Entre 1970 et 2012, la part du PIB consacrée à la santé a plus que doublé, passant de 5 % à près de 12 % de la richesse nationale. Comment l’expliquer ? Spécialiste de l’évaluation économique de la santé, Valérie Clément tord d’emblée le cou à un cliché qui a la vie dure, celui du « péril vieux » : « le vieillissement de la population n’est qu’un facteur marginal car on vieillit de plus en plus en bonne santé ». Les raisons seraient à chercher ailleurs : augmentations des coûts dans le secteur médical, innovations technologiques mises à la portée de tous, meilleure politique de dépistage…

Justice sociale

La santé n’est d’ailleurs pas qu’un coût. « Un bon système de santé profite à l’économie : une bonne santé augmente la productivité du travail et a un effet indirect sur l’épargne, et donc sur l’investissement, souligne la maître de conférences à la faculté d’économie. La vraie question est donc plutôt de savoir : qui finance, sur la base de quel choix collectif ? ».

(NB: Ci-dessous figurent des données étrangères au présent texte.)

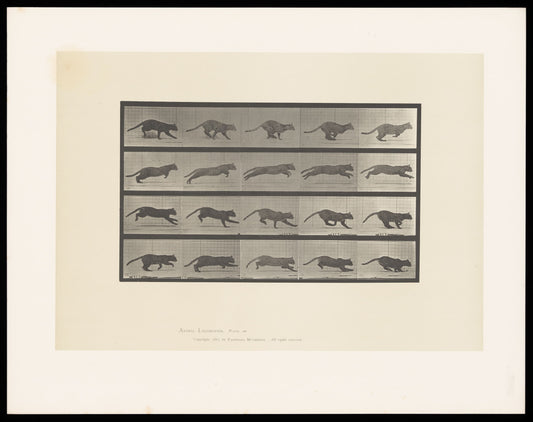 Framed artwork of a series of black and white illustrations of leopards on a beige background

Composante de l’Etat-providence, instauré en 1945 dans un « souci élémentaire de justice sociale », la couverture maladie repose, via les cotisations sociales, à un effort collectif de financement. Un pacte social mis à mal par le sentiment d’une part croissante de citoyens de dépenser toujours plus pour toujours moins de couverture. Particulièrement en cause : l’augmentation des affections longues durées (ALD), prises en charge à 100%, qui a mécaniquement diminué la part remboursée au reste de la population.

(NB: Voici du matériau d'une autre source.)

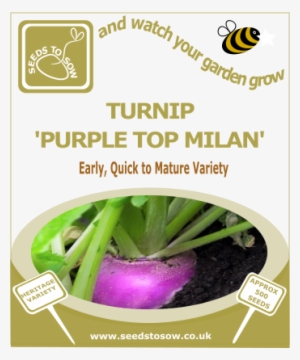 Turnip Purple Top Milan - Seed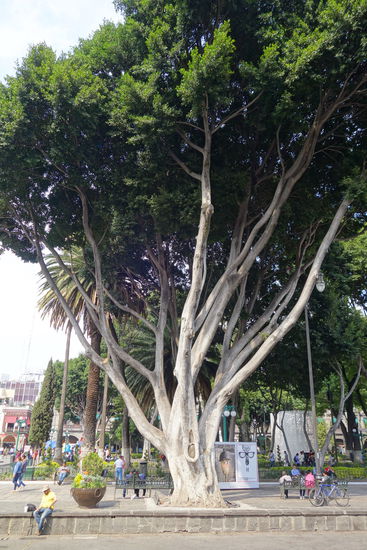 und ein toller, alter Baumbestand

Vers une individualisation des risques ?

« Un homme de 35 ans en bonne santé n’a aujourd’hui aucun intérêt à bénéficier d’un tel système » résume la chercheuse. Face à cette nouvelle donne, la tentation d’une rupture historique se dessine. L’avenir serait-il à une individualisation des risques, selon un modèle de « bonus-malus » qui verrait chacun payer ce qu’il doit en fonction de son comportement ? Une perspective rendue d’autant plus plausible par l’arrivée d’objets connectés qui facilitent un suivi personnalisé. Pour Valérie Clément, nous n’y sommes pas : « Les Français sont très attachés au principe d’une socialisation de la dépense d’assurance maladie. Il faut aussi souligner que le financement public est très efficace ». L’efficacité du financement privé reste quant à elle à démontrer. En témoigne l’exemple des Etats-Unis, champions mondiaux de la dépense de santé par habitant pour des résultats décriés.

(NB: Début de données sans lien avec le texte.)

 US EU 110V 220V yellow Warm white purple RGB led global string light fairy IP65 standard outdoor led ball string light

Nécessaire évolution des pratiques

Quelle solution pour maîtriser les comptes de l’assurance maladie ?  « L’offre de soins doit être plus collaborative, pluridisciplinaire et coordonnée » assure la spécialiste. Le regroupement des praticiens au sein de maisons de santé est, d’ailleurs, déjà une réalité.

Autre piste : prendre en compte dans l’évaluation économique un ensemble d’interventions non médicamenteuses encore peu considérées (voir article page 23). Parmi elles, la prévention et la promotion de bonnes pratiques qui influencent très concrètement les dépenses de santé. On touche ici du doigt la responsabilité individuelle de chacun, dans un pays qui consomme encore 40 % de médicaments de plus que ses voisins, privilégiant les médicaments récents et chers au détriment des génériques.